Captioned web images
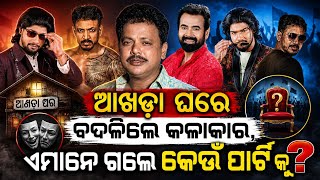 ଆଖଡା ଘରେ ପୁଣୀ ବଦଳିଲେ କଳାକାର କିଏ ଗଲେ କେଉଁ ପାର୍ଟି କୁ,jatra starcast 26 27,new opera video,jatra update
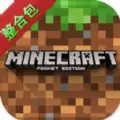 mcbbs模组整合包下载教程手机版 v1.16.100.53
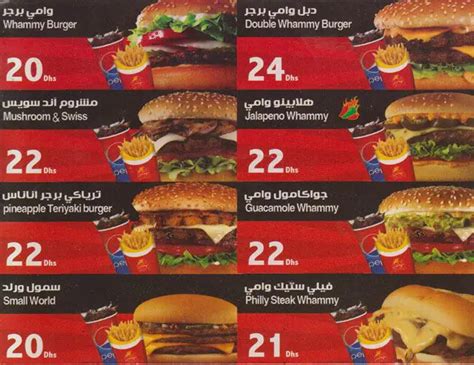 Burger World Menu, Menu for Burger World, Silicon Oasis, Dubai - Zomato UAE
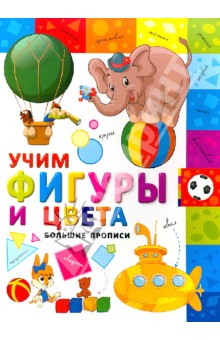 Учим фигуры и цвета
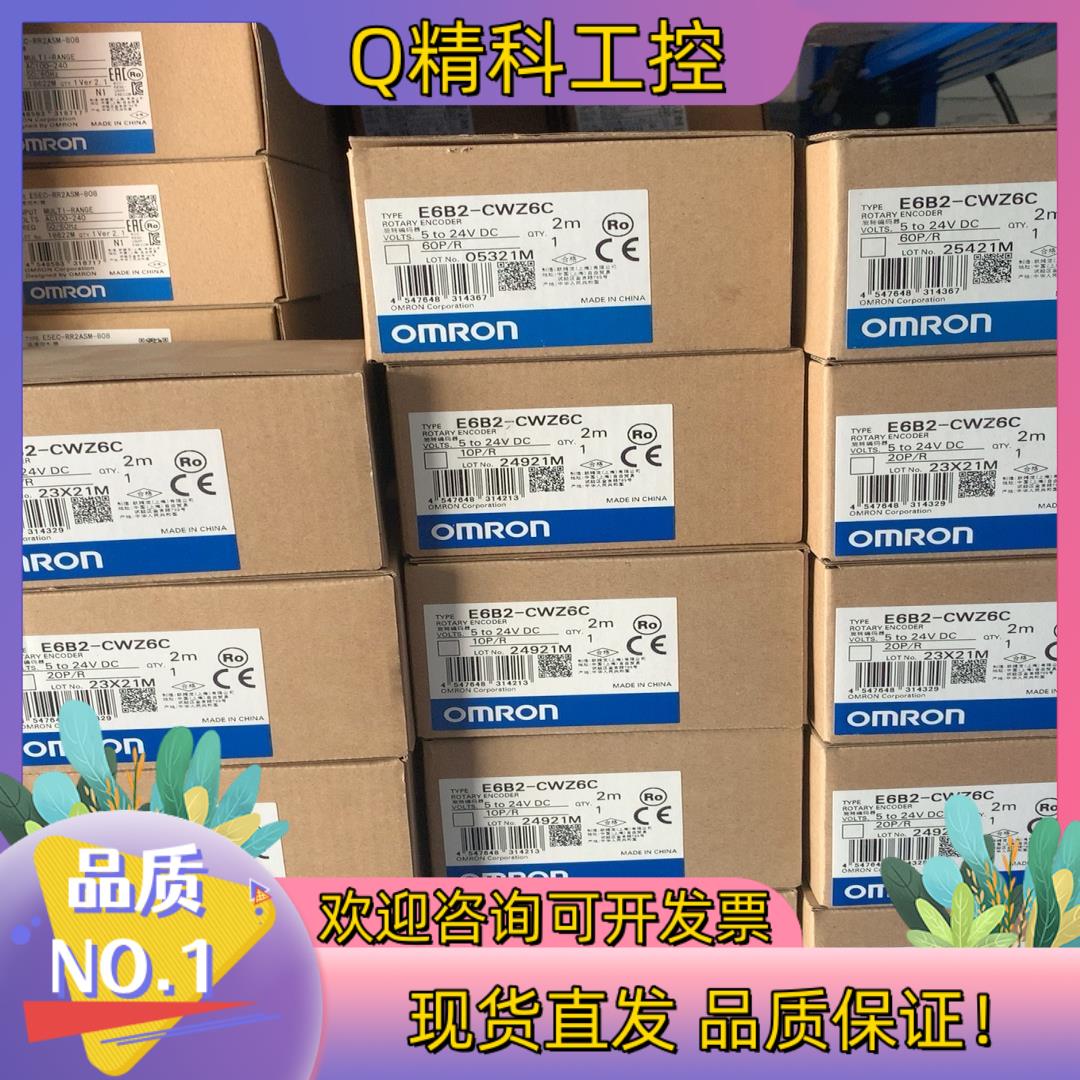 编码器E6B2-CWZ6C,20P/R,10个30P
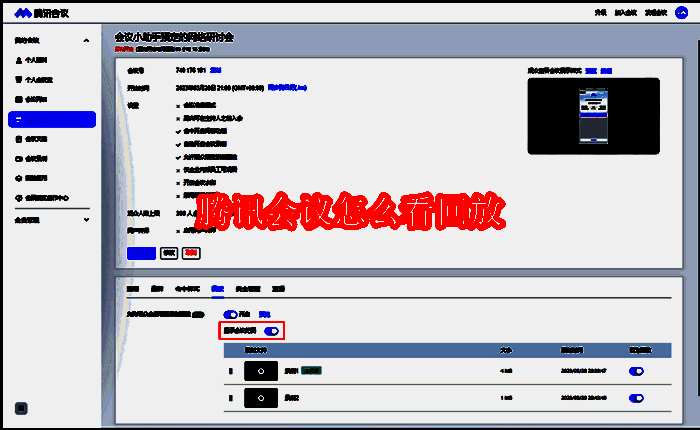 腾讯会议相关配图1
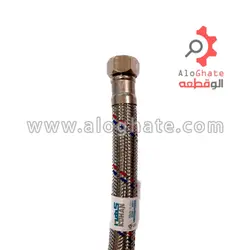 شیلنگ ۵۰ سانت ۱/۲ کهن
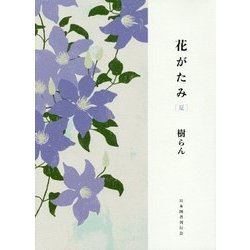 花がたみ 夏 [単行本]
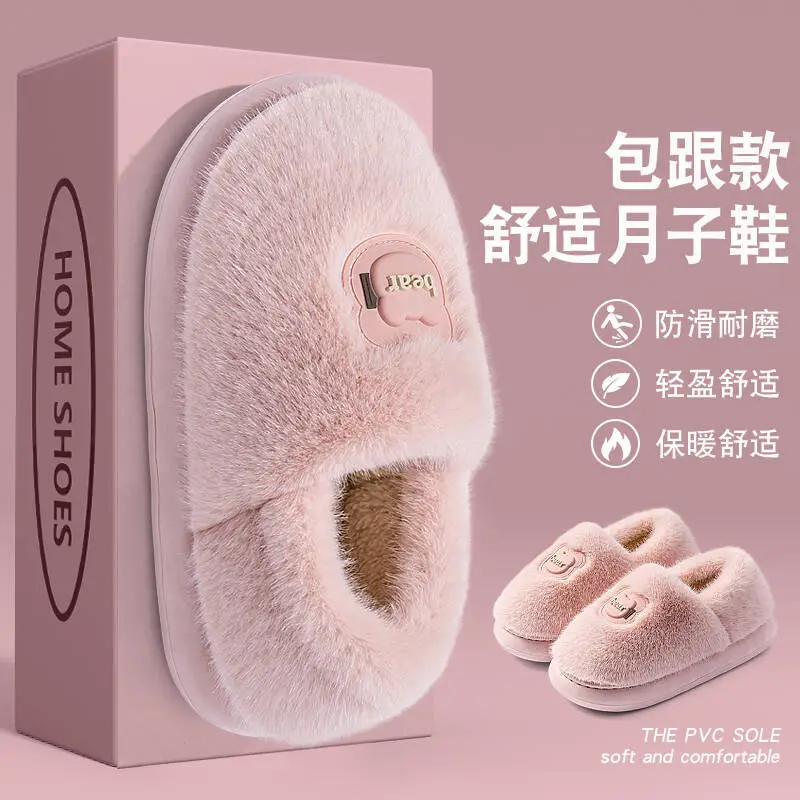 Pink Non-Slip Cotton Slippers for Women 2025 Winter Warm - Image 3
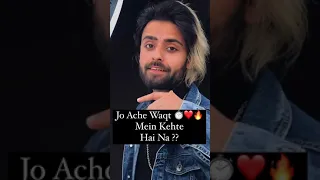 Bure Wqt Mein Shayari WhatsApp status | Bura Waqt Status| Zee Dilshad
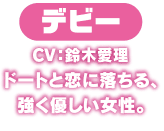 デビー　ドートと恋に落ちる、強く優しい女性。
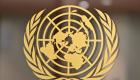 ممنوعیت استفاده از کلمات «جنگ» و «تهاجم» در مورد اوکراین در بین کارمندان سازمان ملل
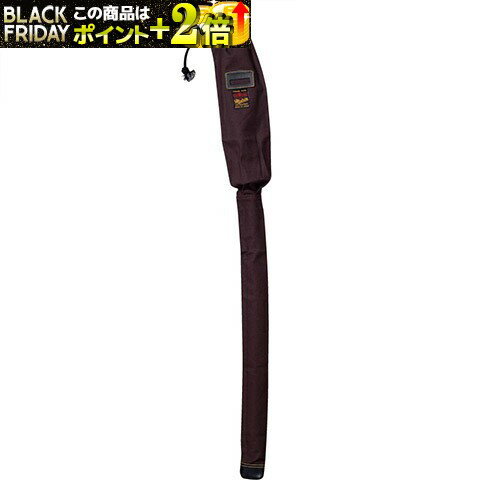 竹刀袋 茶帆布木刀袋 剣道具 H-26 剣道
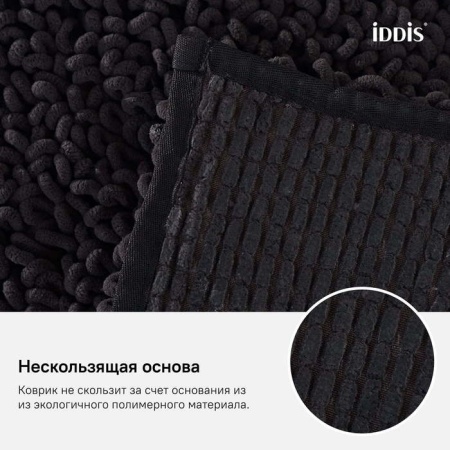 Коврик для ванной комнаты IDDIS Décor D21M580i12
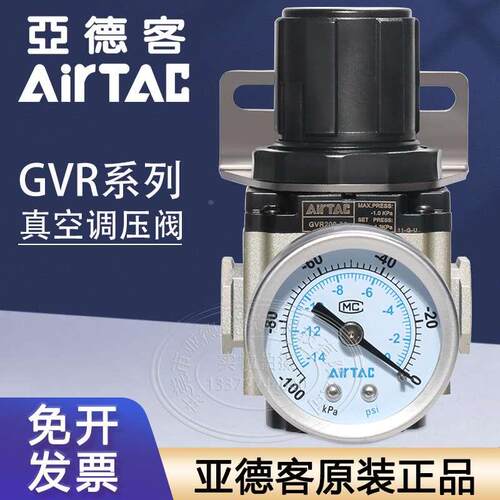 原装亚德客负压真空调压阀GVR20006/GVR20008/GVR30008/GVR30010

## What to do
No pictures should appear in the answer, which is to be the lines from the line with "Pink Non-Slip Cotton" through the end of the records above, restated exactly.

## Written answer
 Pink Non-Slip Cotton Slippers for Women 2025 Winter Warm - Image 3
 Bure Wqt Mein Shayari WhatsApp status | Bura Waqt Status| Zee Dilshad
 デビー　ドートと恋に落ちる、強く優しい女性。
 ممنوعیت استفاده از کلمات «جنگ» و «تهاجم» در مورد اوکراین در بین کارمندان سازمان ملل
 竹刀袋 茶帆布木刀袋 剣道具 H-26 剣道
 Коврик для ванной комнаты IDDIS Décor D21M580i12
 原装亚德客负压真空调压阀GVR20006/GVR20008/GVR30008/GVR30010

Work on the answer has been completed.